I want to say a few words about why I became a writer.
When I was young the form of speech we now refer to as narrative had a different name. It was called lying, and I was good at it. In the beginning, I was not good at making people believe in my lies. But I was definitely, from an early age, well established in my predilection for telling stories. Perhaps I felt that on the whole life was better served by exaggeration than by accurate description. Or perhaps I simply had a good imagination and enjoyed exercising it. All would have been well, I suppose, if I’d said that I was making up a story about what happened at nursery school or on the bus. But I kept insisting that things were as I said they were, and not as other people held them to be. I think I could tell the difference, I’m pretty sure I could. But I was offended on behalf of my stories when people gave preference to reality. From a child’s point of view (which I still hold) what is so much better about the way things ‘really’ are?

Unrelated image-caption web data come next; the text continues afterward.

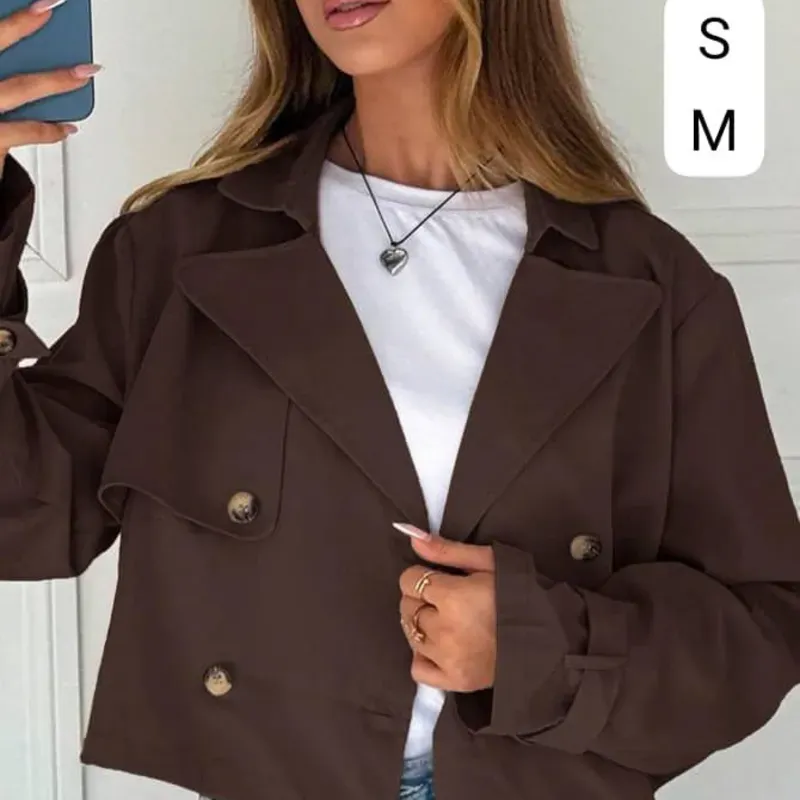  Chaqueta Doble Botonadura – Estilo casual con estructura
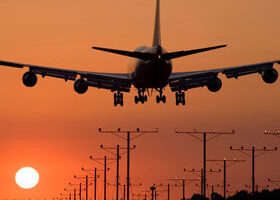 Dis-moi où tu vas, je te dirai quel vol low cost réserver !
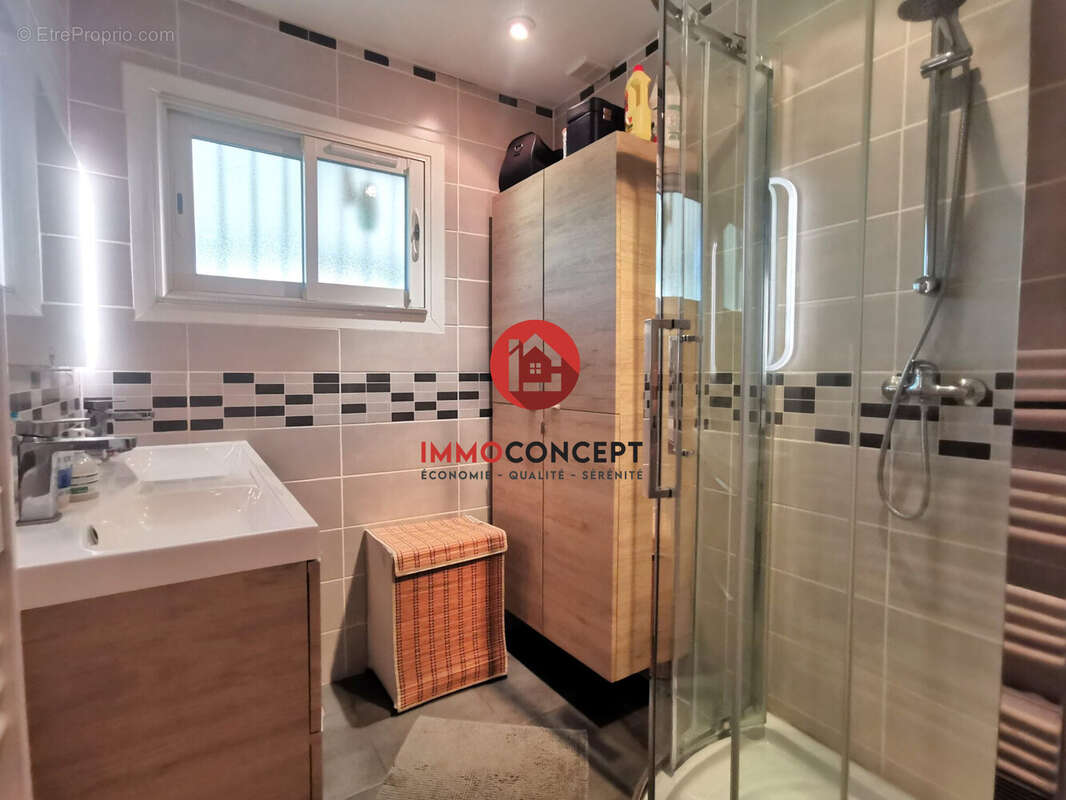Maison 132 m² à Venejan  - photo 8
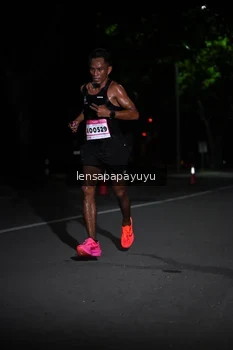 Runner Photo 1865531
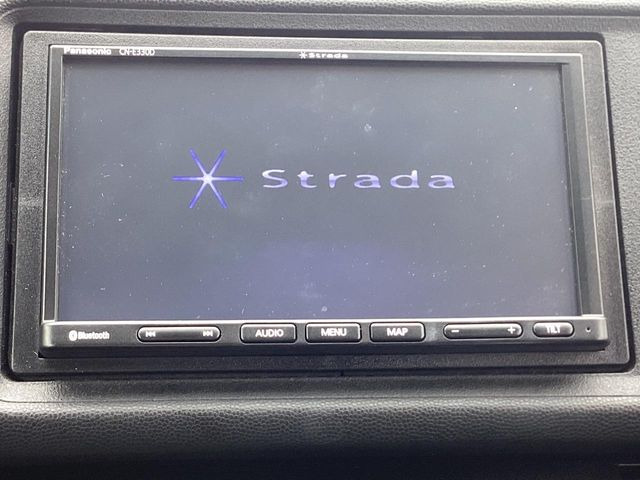 �y�i�r�Q�[�V�����z�g���₷���i�r�ŖړI�n�܂ł�������ē����Ă���܂��B�e��I�[�f�B�I�Đ��@�\���[�����Ă���A���Ԃ̉^�]������Ɋy�����Ȃ�܂�!!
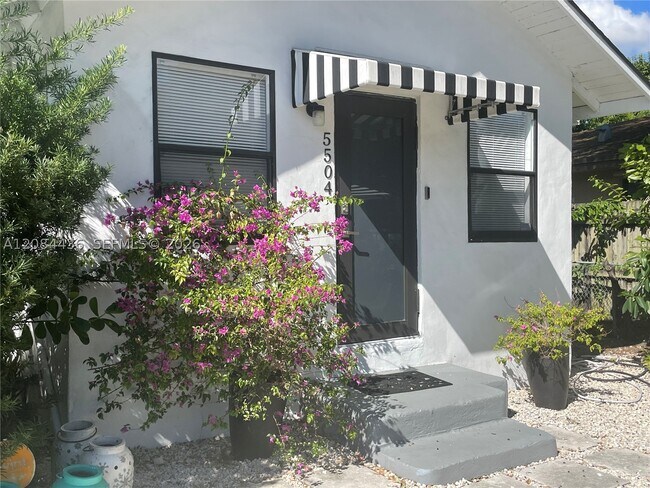 Building Photo - 5504 NW 3rd Ave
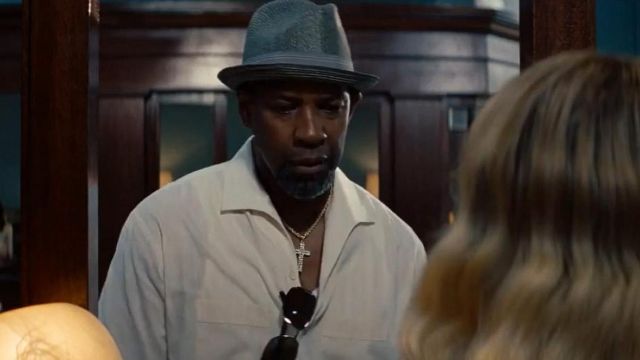 The chain is gold and the earrings from Bobby (Denzel Washington in 2 Guns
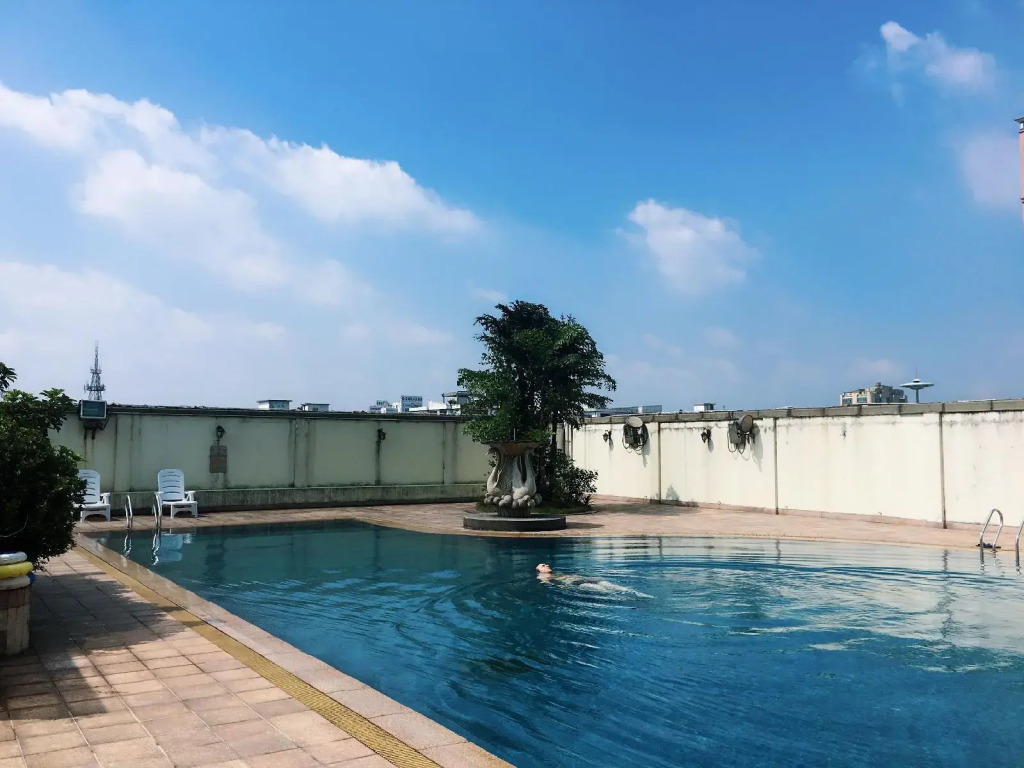 Guangzhou New Century Hotel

It was an important day when my mother gave me an illustrated book by Dr. Seuss. And To Think That I Saw It On Mulberry Street was the story of a little boy whose imagination brought him to ever more florid and enthusiastic descriptions of what he saw when walking down Mulberry Street. To me as a child the story seemed to say: ‘well, of course, we know that these things could not have been seen on Mulberry Street, but does it matter? Look at the beautiful illustrated tales we’ve been able to come up with. We’ve even been able to write a book about them. Isn’t that better than plain old ordinary Mulberry Street?’ I was surprised that my mother seemed to endorse this point of view and I was heartened by it. Somewhere, deep in her heart, beneath the constant criticism of my tendency to tell lies, there had to be another sort of understanding.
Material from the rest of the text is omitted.